_What you are asked to do_: Begin at the first line of the records below and, please, give each line again exactly until the line with "ZOCAVIA Womens Striped" is included.

Web page caption snippets:
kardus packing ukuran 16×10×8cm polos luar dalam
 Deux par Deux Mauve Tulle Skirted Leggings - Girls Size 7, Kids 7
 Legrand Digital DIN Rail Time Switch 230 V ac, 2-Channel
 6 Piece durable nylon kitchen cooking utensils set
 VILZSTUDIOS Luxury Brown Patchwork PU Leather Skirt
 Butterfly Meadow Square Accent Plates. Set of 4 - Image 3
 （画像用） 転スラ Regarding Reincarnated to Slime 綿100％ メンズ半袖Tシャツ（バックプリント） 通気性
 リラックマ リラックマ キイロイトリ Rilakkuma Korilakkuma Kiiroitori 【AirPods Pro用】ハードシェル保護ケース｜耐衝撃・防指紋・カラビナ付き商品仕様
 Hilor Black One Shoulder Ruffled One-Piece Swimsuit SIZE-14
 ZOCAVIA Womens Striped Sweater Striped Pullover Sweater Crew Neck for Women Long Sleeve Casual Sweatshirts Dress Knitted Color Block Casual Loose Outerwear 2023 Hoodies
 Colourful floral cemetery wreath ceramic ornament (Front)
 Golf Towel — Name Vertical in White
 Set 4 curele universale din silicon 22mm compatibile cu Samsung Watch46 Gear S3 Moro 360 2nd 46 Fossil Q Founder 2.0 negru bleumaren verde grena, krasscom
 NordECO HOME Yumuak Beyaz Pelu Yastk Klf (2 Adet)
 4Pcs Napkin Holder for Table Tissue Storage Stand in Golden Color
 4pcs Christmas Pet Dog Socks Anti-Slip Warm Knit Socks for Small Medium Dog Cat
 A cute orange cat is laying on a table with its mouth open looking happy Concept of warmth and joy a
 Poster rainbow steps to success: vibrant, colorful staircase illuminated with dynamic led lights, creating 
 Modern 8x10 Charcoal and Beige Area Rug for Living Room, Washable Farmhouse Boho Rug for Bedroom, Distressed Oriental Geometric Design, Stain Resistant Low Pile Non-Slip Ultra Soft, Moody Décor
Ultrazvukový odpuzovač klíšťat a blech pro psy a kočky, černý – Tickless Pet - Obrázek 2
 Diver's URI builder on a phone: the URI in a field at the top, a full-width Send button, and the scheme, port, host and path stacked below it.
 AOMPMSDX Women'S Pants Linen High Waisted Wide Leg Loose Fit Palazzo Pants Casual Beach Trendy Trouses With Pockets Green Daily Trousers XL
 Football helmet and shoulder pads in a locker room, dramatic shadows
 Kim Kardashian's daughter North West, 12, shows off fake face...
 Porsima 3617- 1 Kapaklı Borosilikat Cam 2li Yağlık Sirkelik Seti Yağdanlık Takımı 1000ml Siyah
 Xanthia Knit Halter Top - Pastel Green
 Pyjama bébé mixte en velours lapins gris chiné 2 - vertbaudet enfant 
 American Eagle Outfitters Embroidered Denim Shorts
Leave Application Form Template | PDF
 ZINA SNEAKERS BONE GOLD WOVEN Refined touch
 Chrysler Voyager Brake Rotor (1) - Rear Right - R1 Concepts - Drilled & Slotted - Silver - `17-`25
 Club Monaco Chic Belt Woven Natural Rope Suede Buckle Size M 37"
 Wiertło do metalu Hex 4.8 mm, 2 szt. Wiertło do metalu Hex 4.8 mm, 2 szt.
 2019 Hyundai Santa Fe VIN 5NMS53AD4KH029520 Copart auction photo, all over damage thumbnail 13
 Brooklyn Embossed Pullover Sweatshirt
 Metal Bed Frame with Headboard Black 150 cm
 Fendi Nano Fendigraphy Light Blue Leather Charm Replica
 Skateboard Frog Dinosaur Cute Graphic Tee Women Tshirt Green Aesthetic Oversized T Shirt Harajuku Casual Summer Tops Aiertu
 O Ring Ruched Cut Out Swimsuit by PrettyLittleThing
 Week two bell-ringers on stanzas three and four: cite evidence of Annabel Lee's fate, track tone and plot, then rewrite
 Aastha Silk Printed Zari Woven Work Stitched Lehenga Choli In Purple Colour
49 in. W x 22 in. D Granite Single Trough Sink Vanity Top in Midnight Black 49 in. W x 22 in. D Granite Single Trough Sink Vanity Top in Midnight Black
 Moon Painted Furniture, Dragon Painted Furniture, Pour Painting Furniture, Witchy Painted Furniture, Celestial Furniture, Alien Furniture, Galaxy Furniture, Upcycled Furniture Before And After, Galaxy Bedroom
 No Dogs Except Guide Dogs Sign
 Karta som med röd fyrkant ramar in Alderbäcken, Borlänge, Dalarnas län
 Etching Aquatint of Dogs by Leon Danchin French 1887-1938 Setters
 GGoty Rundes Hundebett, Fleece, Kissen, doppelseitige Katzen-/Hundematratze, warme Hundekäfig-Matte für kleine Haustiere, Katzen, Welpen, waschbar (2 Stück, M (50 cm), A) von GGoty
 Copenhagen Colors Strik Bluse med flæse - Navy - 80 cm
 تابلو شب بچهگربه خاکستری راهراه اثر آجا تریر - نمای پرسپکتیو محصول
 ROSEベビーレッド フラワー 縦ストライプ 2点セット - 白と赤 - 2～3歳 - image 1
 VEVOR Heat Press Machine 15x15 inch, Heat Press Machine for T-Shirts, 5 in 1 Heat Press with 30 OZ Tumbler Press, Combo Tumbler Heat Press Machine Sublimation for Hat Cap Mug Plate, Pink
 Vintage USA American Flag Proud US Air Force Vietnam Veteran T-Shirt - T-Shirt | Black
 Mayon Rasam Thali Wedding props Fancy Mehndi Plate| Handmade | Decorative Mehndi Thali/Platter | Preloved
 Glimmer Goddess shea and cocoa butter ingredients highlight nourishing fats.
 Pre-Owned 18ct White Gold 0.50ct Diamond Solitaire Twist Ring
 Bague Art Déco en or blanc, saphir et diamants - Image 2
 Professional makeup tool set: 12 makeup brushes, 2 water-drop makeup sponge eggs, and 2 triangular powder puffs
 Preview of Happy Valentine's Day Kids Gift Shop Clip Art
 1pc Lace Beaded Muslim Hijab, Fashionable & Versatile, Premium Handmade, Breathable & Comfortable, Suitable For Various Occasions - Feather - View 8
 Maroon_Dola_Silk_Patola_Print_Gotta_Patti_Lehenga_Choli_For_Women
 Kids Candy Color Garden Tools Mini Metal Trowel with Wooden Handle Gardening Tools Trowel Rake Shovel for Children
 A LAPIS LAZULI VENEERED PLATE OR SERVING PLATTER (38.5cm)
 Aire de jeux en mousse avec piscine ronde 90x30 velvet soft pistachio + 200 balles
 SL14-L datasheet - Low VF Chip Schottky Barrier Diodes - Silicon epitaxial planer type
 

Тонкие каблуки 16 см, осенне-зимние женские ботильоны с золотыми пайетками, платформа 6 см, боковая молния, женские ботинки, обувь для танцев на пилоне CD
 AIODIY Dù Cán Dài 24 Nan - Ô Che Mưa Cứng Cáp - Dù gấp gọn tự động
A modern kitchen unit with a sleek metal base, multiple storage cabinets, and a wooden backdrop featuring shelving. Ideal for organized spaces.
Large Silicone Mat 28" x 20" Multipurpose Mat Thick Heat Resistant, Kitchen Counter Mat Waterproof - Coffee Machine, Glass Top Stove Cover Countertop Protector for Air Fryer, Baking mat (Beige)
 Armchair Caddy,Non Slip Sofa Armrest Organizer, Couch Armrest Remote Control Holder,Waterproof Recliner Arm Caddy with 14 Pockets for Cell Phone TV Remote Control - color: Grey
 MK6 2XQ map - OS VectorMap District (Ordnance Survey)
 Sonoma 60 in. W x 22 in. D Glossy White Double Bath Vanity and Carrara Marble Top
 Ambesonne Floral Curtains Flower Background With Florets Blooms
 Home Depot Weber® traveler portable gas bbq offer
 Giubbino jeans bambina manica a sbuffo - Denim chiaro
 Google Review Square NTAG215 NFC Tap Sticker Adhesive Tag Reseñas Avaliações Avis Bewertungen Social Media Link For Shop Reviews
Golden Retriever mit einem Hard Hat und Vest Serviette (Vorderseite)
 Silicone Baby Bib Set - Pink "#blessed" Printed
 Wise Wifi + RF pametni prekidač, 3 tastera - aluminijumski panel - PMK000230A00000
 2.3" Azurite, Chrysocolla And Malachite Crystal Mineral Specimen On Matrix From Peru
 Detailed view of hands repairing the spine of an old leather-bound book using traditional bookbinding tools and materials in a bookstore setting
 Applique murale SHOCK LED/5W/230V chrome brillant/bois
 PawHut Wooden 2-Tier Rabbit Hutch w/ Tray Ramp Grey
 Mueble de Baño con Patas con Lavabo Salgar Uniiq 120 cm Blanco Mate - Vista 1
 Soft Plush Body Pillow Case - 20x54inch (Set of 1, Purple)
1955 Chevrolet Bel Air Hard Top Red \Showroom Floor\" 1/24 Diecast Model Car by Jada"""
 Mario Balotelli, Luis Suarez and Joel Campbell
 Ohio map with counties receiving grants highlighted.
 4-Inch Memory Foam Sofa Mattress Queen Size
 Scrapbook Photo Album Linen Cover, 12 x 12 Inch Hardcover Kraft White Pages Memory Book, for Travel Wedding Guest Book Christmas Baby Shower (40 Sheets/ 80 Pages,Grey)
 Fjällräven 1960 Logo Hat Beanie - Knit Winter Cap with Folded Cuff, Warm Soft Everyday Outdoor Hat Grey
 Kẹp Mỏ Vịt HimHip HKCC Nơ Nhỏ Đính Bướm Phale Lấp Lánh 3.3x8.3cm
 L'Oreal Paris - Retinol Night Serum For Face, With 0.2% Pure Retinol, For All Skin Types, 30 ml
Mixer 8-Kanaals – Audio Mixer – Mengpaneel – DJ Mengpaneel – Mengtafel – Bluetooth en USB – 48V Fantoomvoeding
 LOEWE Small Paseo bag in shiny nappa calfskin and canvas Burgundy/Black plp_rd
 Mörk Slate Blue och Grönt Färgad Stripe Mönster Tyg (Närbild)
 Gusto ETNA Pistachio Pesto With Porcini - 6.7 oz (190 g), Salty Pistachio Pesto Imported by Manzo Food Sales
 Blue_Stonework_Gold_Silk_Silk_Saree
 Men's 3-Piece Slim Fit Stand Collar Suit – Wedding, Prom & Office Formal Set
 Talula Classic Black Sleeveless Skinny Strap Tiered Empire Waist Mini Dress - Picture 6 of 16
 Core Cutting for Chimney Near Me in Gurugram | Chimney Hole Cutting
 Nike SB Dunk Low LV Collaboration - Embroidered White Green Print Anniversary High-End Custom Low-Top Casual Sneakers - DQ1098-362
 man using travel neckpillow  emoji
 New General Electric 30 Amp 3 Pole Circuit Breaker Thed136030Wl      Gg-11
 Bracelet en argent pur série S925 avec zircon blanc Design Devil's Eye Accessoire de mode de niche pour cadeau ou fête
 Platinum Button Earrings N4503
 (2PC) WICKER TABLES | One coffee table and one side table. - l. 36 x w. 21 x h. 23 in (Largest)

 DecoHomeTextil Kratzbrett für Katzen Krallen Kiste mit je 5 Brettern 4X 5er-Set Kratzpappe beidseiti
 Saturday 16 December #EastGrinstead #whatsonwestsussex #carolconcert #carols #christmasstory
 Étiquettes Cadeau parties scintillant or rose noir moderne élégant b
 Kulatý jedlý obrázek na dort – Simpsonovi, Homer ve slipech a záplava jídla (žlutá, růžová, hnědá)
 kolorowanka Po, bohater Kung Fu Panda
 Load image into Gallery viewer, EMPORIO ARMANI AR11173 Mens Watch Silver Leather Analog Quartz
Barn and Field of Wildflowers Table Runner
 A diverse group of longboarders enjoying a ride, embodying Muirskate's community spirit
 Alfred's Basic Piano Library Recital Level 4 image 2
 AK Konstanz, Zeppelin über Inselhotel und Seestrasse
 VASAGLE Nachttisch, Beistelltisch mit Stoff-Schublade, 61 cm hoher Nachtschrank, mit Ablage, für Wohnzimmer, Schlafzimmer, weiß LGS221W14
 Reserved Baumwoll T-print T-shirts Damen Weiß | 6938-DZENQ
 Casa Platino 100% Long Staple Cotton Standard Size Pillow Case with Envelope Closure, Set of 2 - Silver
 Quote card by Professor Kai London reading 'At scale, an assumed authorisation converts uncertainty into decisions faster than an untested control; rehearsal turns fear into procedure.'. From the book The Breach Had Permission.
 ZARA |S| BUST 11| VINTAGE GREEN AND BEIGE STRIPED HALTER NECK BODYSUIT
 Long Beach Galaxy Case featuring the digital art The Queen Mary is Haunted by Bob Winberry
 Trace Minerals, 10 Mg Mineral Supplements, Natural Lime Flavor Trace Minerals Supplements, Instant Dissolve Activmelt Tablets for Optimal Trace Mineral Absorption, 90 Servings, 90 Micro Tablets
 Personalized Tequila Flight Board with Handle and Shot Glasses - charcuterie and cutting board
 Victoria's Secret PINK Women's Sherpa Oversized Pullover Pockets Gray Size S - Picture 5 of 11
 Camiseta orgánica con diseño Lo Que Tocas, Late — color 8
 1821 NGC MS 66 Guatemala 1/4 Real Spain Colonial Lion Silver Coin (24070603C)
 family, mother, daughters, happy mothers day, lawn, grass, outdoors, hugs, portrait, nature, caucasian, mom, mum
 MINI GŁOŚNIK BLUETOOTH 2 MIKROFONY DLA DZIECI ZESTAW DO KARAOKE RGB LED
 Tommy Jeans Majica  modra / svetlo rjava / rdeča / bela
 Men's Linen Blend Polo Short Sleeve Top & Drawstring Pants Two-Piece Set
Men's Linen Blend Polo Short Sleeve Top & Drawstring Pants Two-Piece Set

_Your response_:
kardus packing ukuran 16×10×8cm polos luar dalam
 Deux par Deux Mauve Tulle Skirted Leggings - Girls Size 7, Kids 7
 Legrand Digital DIN Rail Time Switch 230 V ac, 2-Channel
 6 Piece durable nylon kitchen cooking utensils set
 VILZSTUDIOS Luxury Brown Patchwork PU Leather Skirt
 Butterfly Meadow Square Accent Plates. Set of 4 - Image 3
 （画像用） 転スラ Regarding Reincarnated to Slime 綿100％ メンズ半袖Tシャツ（バックプリント） 通気性
 リラックマ リラックマ キイロイトリ Rilakkuma Korilakkuma Kiiroitori 【AirPods Pro用】ハードシェル保護ケース｜耐衝撃・防指紋・カラビナ付き商品仕様
 Hilor Black One Shoulder Ruffled One-Piece Swimsuit SIZE-14
 ZOCAVIA Womens Striped Sweater Striped Pullover Sweater Crew Neck for Women Long Sleeve Casual Sweatshirts Dress Knitted Color Block Casual Loose Outerwear 2023 Hoodies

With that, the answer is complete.